Introduction
In the previous chapter, we learned how to work with new datasets and get familiar with their data and structure. We also got hands-on experience of how to analyze and transform them using different data wrangling techniques such as filtering, sorting, and reshaping. All of these techniques will come in handy when working with further real-world datasets in the coming activities.
In this chapter, we will focus on various visualizations and identify which visualization is best for showing certain information for a given dataset. We will describe every visualization in detail and give practical examples, such as comparing different stocks over time or comparing the ratings for different movies. Starting with comparison plots, which are great for comparing multiple variables over time, we will look at their types (such as line charts, bar charts, and radar charts).

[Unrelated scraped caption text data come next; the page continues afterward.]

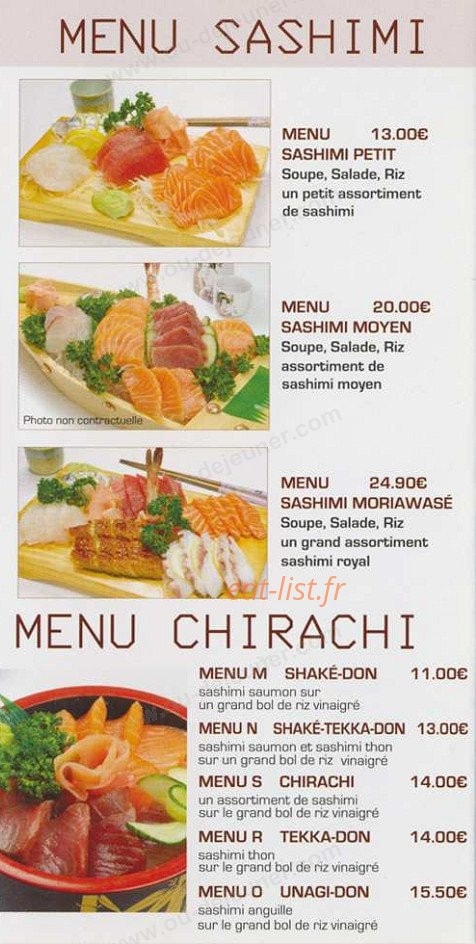 Maruyama Kyoto — carte page 6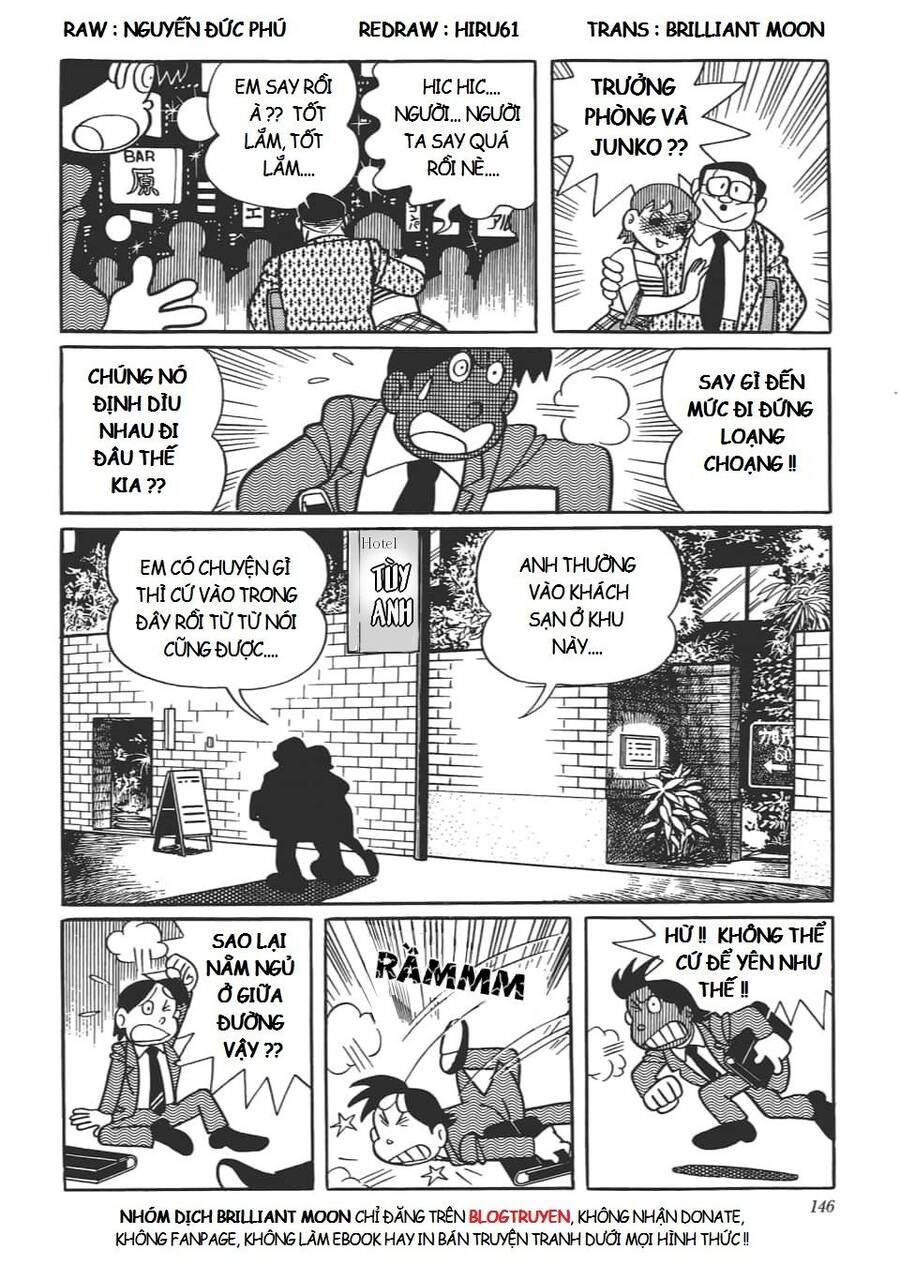 Các One-Shot Của Fujiko Fujio Chương 63 Page 7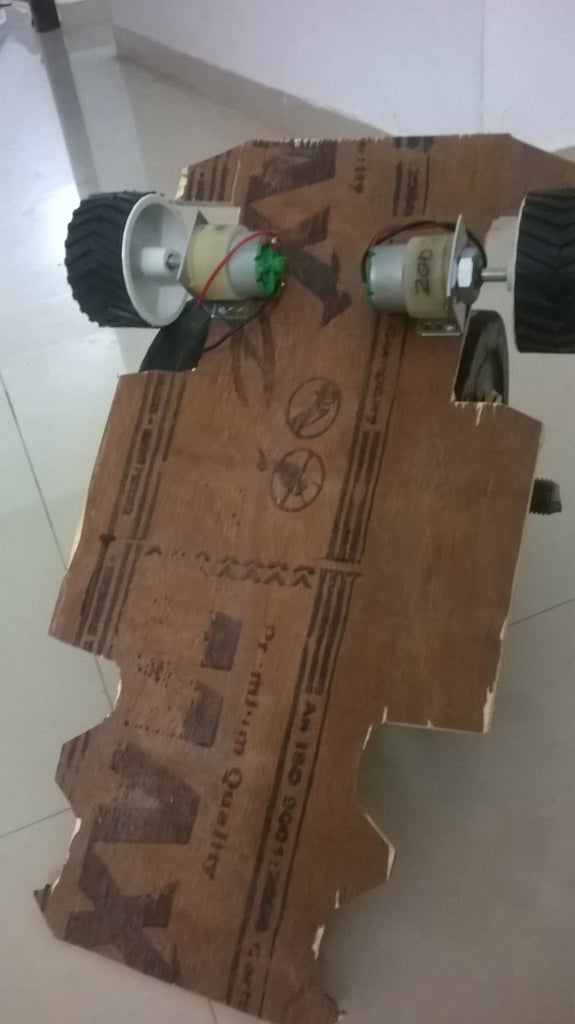 Intelligent Braking System Prototype by Arduino : 8 Steps (with ...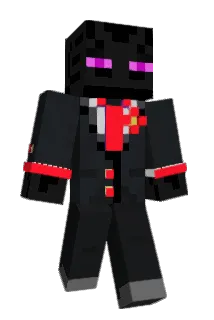 Braybray124 Minecraft avatar full body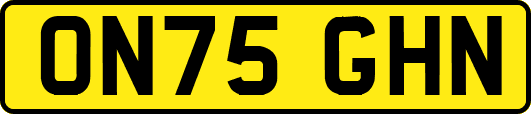 ON75GHN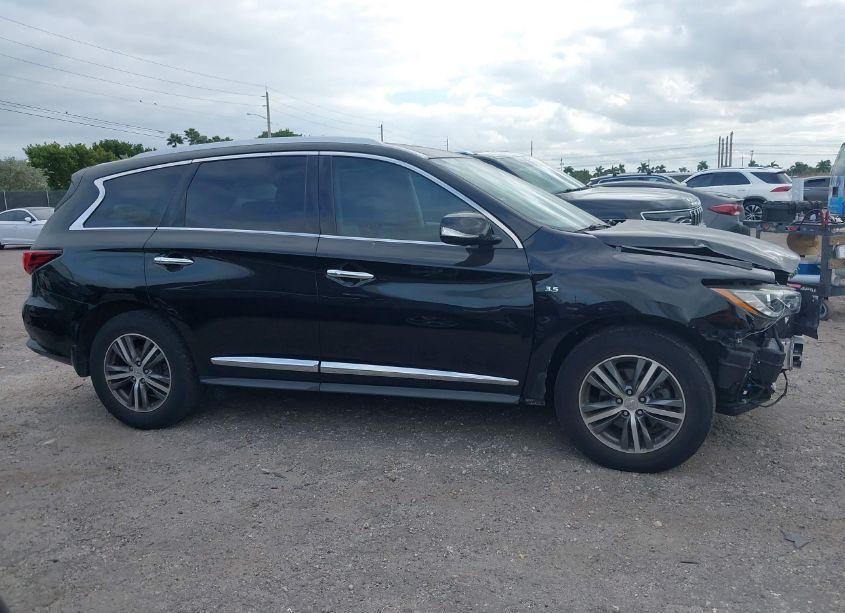 Photo 14 of 2020 Infiniti Qx60 LUXE (VIN 5N1DL0MN7LC510049)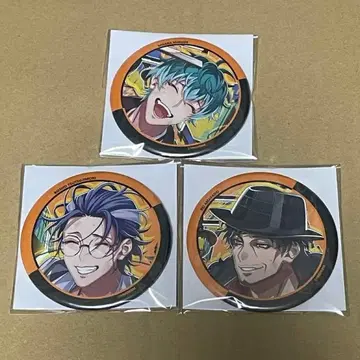 힙무비 리바이벌 캔뱃지 오사카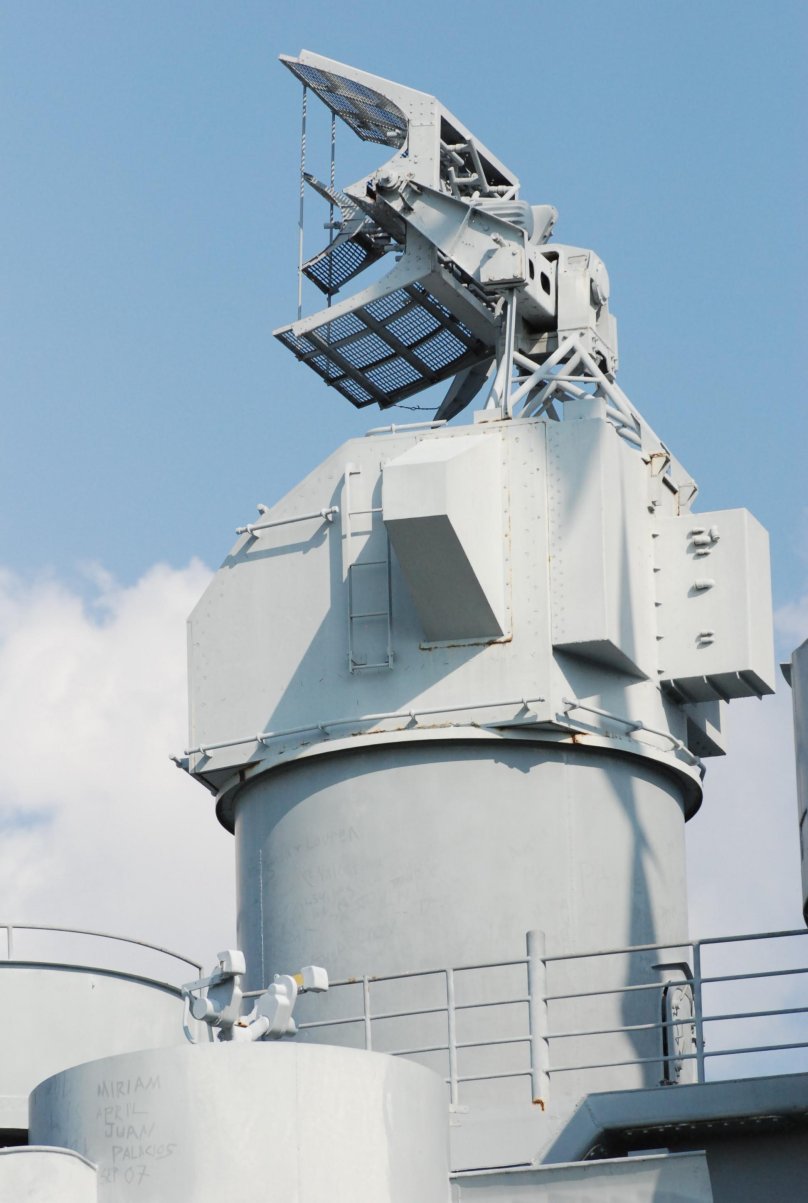 Ship Radar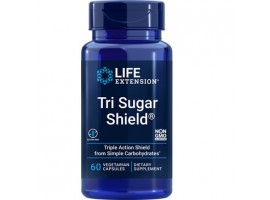 Life Extension Tri Sugar Shield™, 60 vege caps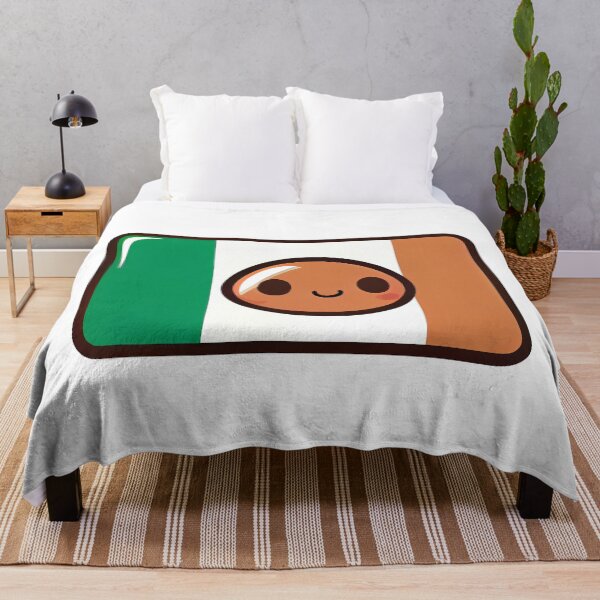 Item preview, Slime With The Irish Flag designed and sold by TaurusDigital.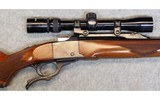 Ruger ~ No. 1 ~ .270 Winchester. - 3 of 10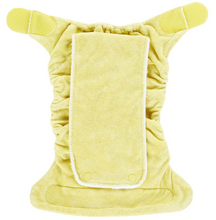 Lade das Bild in den Galerie-Viewer, Bamboozle, Totsbots, XL, Nachtwindeln, Stoffwindel, Natürlich Kind sein, Glarus Nord, Niederurnen, Fränzi Kistler, Höschenwindel, braucht eine Überhose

We will then move onto relation plots, which are handy for showing relationships among variables. We will cover scatter plots for showing the relationship between two variables, bubble plots for three variables, correlograms for variable pairs, and finally, heatmaps for visualizing multivariate data.
The chapter will further explain composition plots (used to visualize variables that are part of a whole), as well as pie charts, stacked bar charts, stacked area charts, and Venn diagrams. To give you a deeper insight into the distribution of variables, we will discuss distribution plots, describing histograms, density plots, box plots, and violin plots.
Finally, we will talk about dot maps, connection maps, and choropleth maps, which can be categorized into geoplots. Geoplots are useful for visualizing geospatial data. Let’s start with the family of comparison plots, including line charts, bar charts, and radar charts.
Note
The data used in this chapter has been provided to demonstrate the different types of plots available to you. In each case, the data itself will be revisited and explained more fully in a later chapter.